Il y a encore quelques semaines, personne n’y croyait. Le SNES-FSU, premier syndicat parmi les enseignants du secondaire, avait lancé une timide consultation de ses adhérents pour mesurer s’il était envisageable de porter la grève durant les surveillances des épreuves du baccalauréat technologique et professionnel débutant la semaine du 17 juin.

Pourtant le mot d’ordre est porté. Les Assemblées Générales qui se sont réunies tout au long de l’année, souvent avec les collègues du 1er degré, ont poussé les organisations syndicales à se positionner.
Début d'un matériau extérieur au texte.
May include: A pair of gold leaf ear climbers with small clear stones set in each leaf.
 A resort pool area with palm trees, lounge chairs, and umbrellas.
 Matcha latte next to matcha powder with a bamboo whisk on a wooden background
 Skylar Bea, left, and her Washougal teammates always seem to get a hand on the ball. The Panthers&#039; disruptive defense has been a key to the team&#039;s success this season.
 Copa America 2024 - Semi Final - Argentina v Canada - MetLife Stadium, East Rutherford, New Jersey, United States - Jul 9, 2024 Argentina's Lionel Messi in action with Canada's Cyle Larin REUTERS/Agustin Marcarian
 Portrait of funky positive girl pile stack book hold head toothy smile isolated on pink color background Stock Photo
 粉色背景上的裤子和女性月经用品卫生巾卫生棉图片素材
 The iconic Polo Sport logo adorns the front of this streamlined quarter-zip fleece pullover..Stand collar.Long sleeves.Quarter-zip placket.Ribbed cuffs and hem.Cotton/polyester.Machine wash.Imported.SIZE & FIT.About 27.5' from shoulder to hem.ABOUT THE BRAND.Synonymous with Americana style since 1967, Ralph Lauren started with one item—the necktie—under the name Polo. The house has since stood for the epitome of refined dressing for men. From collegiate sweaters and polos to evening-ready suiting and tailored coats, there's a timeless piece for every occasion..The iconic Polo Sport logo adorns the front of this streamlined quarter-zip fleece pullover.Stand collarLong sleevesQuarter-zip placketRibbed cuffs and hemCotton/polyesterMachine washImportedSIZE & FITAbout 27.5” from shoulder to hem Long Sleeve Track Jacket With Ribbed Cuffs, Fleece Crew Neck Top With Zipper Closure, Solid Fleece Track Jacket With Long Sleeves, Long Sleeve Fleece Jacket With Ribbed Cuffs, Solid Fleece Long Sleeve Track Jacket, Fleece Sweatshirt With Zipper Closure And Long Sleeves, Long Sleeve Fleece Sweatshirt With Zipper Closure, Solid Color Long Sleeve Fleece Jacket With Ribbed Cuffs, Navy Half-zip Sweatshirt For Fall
Le 29 mai, 11 fédérations dont le SNES, SUD, la CGT mais aussi le Snalc et la CFE-CGC, pourtant marqués à droite, signent avec les collectifs des « Stylos Rouges » et la « Chaine des Bahuts en lutte » un communiqué appelant à se mettre en grève le lundi 17 juin. Il est rapidement rejoint par l’association des professeurs de Sciences Economiques et Sociales (APSES) et soutenu par des syndicats lycéens (UNL et MNL).

20 à 30% de grévistes en moyenne lundi 27 juin

Contrairement à ce qu’assure Jean-Michel Blanquer, lundi 17 juin au matin, sur France Inter, les organisations font le bilan que « l’appel intersyndical à la grève des surveillances des épreuves […] a été bien suivi ». Pour le ministère, qui intègre dans ses statistiques l’ensemble des agents potentiellement mobilisables pour les surveillances du baccalauréat, le déni de réalité continue : « autour de 5% de grévistes » assure Jean-Michel Blanquer sur France Inter lundi matin quand les organisations syndicales relèvent, elles, près de 25 à 30% des enseignants convoqués qui se sont mis en grève.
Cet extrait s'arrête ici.